Trading systems are generally computer software programs which issue buy and sell signals based upon price, volume or other empirical data. By analyzing real-time price data and comparing such data to pre-set pattern recognition inputs, or by running said data thru mathematical algorithms generally compiled by the system provider himself, trading signals are generated and then run through an auto-execute applet in order to effect the trades thus indicated.

Because such systems are computer based, they are not liable to human input and thus don't carry the tendency to second guess the pre-set parameters, hesitate to execute indicated trades, or simply miss signals because the trader is distracted for any reason.

They are thus incapable of straying from the trading discipline set into the system at its outset.

In short, they are significantly less liable to the human frailty inherent in any trader's psyche.

Because computers aren't subject to distraction or fatigue or hesitation, they offer a more disciplined approach to trading volatile markets while also possessing the added advantage they are able to make trading decisions 24 hours per day, seven days per week often for weeks on end. Additionally, because the developmental stage is where the decision-making process is defined, tested and refined, subsequent decisions are made with split-second efficiency far beyond the capability of any human trader.

This defining, testing and refining process often goes on for years and in some cases even decades to come up with the end result. That being said, hypothetical results do offer investors the ability to evaluate key performance statistics such as:

  • Current year-to-date return
  • Average return
  • Average winning trade
  • Maximum drawdown
  • Average drawdown
  • Average losing trade
Systems Trading Products

As with any investment, there are costs associated with participation in Trading Systems.


One of the prime benefits of computerized trading is the sheer speed with which trading decisions and order execution can be made. This makes such systems particularly adept for day-trading use although some position trading (generally accepted to mean overnight trades) is frequently offered as well.

Remember that futures contracts often carry no greater overall price volatility than equities trading, however the leverage available in futures versus that available in equities can exaggerate that volatility many times over.

Cognizant of that available volatility, many trading systems are designed to trade with extreme frequency, hoping to capture profits through a series of small price movements executed many times during any given trading session.

In fact, many prefer to avoid the risk associated with holding positions overnight.

The frequency of trading can generate high commission costs which must be balanced against the benefit of limited overnight risk exposure as well as the expected profitability of the system itself.

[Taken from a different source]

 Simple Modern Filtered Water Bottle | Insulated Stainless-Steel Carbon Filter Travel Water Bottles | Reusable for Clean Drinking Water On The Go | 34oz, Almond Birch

Pay close attention to the equity requirements of each system under consideration. The system designers themselves know best, the risk/reward parameters built into their system(s) and generally have formulated their suggested account minimums to take into consideration the almost inevitable drawdowns inherent in trading futures.

Equity permitting, systems investors should seriously consider the benefit of diversification provided by allocating funds across multiple systems or at least non-correlated markets traded within the same system. Diversification, while no guarantee of success, does spread the risk inherent in any system.

Trading Systems by their very nature are created by applying specific algorithms to historical price data during the testing phase. The performance numbers thus generated are designated as "Hypothetical" such results are accumulated by back-testing the strategies on past market data, and it is important to note that hypothetical results have inherent limitations in that they are prepared with the benefit of hindsight and lack the impact of true financial risk.